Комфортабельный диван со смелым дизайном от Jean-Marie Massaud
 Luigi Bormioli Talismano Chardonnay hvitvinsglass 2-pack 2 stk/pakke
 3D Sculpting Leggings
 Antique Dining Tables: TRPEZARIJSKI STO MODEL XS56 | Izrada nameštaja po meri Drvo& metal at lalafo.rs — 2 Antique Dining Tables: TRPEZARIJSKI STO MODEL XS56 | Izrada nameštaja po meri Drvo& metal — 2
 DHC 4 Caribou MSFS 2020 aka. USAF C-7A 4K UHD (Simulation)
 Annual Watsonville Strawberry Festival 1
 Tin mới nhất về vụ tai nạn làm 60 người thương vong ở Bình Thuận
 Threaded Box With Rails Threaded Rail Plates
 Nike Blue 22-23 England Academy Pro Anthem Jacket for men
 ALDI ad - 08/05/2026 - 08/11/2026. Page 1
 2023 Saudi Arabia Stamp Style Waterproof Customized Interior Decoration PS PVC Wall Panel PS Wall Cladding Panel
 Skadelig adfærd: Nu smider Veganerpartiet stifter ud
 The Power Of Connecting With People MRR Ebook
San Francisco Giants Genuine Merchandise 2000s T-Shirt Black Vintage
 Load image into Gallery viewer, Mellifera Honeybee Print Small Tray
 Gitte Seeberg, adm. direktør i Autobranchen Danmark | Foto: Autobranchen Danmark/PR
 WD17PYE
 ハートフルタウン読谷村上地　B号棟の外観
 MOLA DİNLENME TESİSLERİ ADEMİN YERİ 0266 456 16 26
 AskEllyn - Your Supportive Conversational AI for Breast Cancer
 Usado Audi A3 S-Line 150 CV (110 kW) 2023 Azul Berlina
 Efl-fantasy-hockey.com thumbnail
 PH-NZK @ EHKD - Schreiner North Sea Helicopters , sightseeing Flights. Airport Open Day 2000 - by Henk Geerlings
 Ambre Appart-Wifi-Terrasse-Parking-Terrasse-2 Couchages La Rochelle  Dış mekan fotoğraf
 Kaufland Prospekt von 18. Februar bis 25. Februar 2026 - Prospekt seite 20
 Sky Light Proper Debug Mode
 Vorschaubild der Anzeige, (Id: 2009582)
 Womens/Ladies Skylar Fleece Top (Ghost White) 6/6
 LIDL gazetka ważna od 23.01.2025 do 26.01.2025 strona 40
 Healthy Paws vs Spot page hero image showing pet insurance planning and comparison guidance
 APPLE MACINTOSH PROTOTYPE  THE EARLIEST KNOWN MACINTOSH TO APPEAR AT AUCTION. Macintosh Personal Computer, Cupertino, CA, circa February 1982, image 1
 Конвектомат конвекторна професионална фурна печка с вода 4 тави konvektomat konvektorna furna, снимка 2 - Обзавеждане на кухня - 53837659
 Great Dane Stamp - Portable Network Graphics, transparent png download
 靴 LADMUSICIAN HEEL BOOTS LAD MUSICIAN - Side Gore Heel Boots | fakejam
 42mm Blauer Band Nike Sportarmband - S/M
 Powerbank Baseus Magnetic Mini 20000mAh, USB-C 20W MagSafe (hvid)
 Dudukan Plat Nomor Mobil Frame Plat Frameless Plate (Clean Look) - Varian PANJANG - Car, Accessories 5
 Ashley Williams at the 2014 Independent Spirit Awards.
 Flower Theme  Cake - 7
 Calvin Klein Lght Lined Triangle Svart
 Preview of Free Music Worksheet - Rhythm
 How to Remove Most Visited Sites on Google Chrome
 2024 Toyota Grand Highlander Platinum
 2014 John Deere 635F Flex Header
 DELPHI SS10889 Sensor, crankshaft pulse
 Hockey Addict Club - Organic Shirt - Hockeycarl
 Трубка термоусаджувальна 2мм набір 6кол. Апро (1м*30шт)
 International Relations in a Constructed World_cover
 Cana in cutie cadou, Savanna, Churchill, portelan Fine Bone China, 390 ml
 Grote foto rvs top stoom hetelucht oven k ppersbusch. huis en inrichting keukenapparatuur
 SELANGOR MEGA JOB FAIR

◆ WHAT YOU WILL DO
From the records above, print only the lines between the one holding "ハートフルタウン読谷村上地　B号棟の外観" and the one holding "Grote foto rvs", inclusive, exactly as they stand.

◆ RESPONSE BOX
 ハートフルタウン読谷村上地　B号棟の外観
 MOLA DİNLENME TESİSLERİ ADEMİN YERİ 0266 456 16 26
 AskEllyn - Your Supportive Conversational AI for Breast Cancer
 Usado Audi A3 S-Line 150 CV (110 kW) 2023 Azul Berlina
 Efl-fantasy-hockey.com thumbnail
 PH-NZK @ EHKD - Schreiner North Sea Helicopters , sightseeing Flights. Airport Open Day 2000 - by Henk Geerlings
 Ambre Appart-Wifi-Terrasse-Parking-Terrasse-2 Couchages La Rochelle  Dış mekan fotoğraf
 Kaufland Prospekt von 18. Februar bis 25. Februar 2026 - Prospekt seite 20
 Sky Light Proper Debug Mode
 Vorschaubild der Anzeige, (Id: 2009582)
 Womens/Ladies Skylar Fleece Top (Ghost White) 6/6
 LIDL gazetka ważna od 23.01.2025 do 26.01.2025 strona 40
 Healthy Paws vs Spot page hero image showing pet insurance planning and comparison guidance
 APPLE MACINTOSH PROTOTYPE  THE EARLIEST KNOWN MACINTOSH TO APPEAR AT AUCTION. Macintosh Personal Computer, Cupertino, CA, circa February 1982, image 1
 Конвектомат конвекторна професионална фурна печка с вода 4 тави konvektomat konvektorna furna, снимка 2 - Обзавеждане на кухня - 53837659
 Great Dane Stamp - Portable Network Graphics, transparent png download
 靴 LADMUSICIAN HEEL BOOTS LAD MUSICIAN - Side Gore Heel Boots | fakejam
 42mm Blauer Band Nike Sportarmband - S/M
 Powerbank Baseus Magnetic Mini 20000mAh, USB-C 20W MagSafe (hvid)
 Dudukan Plat Nomor Mobil Frame Plat Frameless Plate (Clean Look) - Varian PANJANG - Car, Accessories 5
 Ashley Williams at the 2014 Independent Spirit Awards.
 Flower Theme  Cake - 7
 Calvin Klein Lght Lined Triangle Svart
 Preview of Free Music Worksheet - Rhythm
 How to Remove Most Visited Sites on Google Chrome
 2024 Toyota Grand Highlander Platinum
 2014 John Deere 635F Flex Header
 DELPHI SS10889 Sensor, crankshaft pulse
 Hockey Addict Club - Organic Shirt - Hockeycarl
 Трубка термоусаджувальна 2мм набір 6кол. Апро (1м*30шт)
 International Relations in a Constructed World_cover
 Cana in cutie cadou, Savanna, Churchill, portelan Fine Bone China, 390 ml
 Grote foto rvs top stoom hetelucht oven k ppersbusch. huis en inrichting keukenapparatuur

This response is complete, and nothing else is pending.